The Sunday morning meeting was first reported by Politico.
“Failure is not an option here,” Sen. Elizabeth Warren, D-Mass., said on MSNBC on Sunday. “We make promises to the American people and we need to deliver on those promises.”
Warren said many of the “basic elements” Democrats wanted are in the bill, “not every single one of the things we wanted, but we got a lot of them.”
The White House meeting Friday with the leaders followed Biden’s town hall on Thursday night in Baltimore, where he offered new details on how the spending package is coming together, touching on some items that appear to be set in stone and others that are still up in the air.

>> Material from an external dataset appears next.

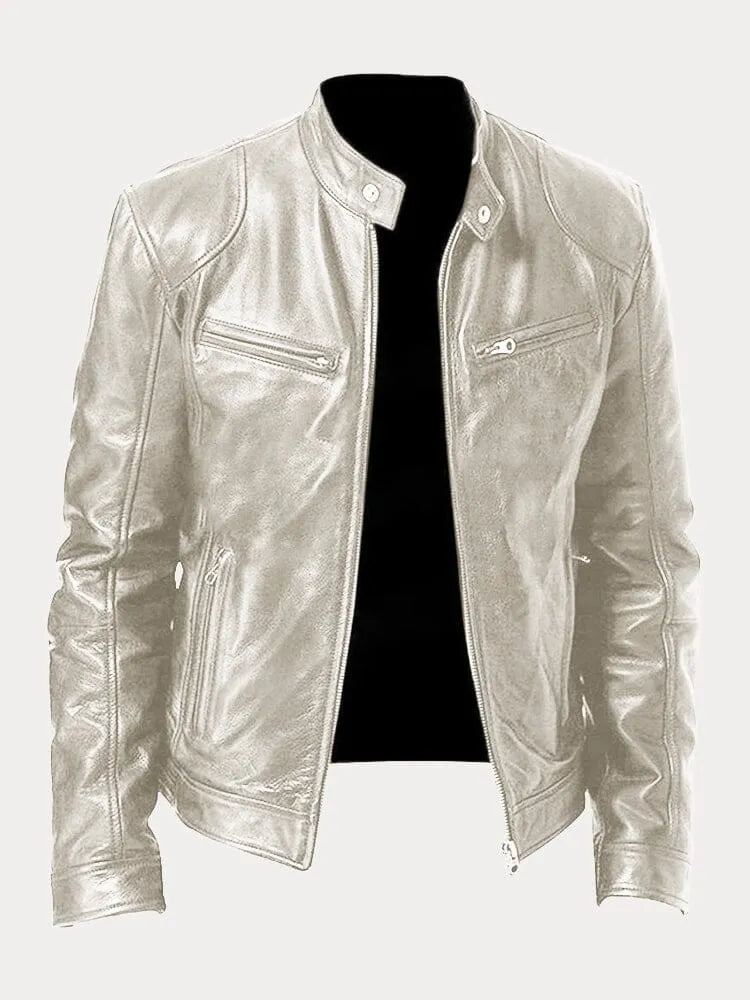 Hildebrando® | Relaxed Leather Jacket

The president confirmed at the CNN event that he hasn’t been able to get 12 weeks of paid family leave included in the bill because of opposition from a few moderates in his party. That provision will now be reduced to four weeks.
“It’s all about compromise,” Biden said on CNN. “I think we can get there.”
In anticipation of a potential deal, House Majority Whip Steny Hoyer, D-Md., informed lawmakers Friday that Democratic leaders “aim” to hold votes next week on both the safety net legislation and the Senate-passed $550 billion infrastructure package. Hoyer said the goal is to get the two measures passed before their next recess, which is slated for Nov. 8.
Winston Wilde contributed.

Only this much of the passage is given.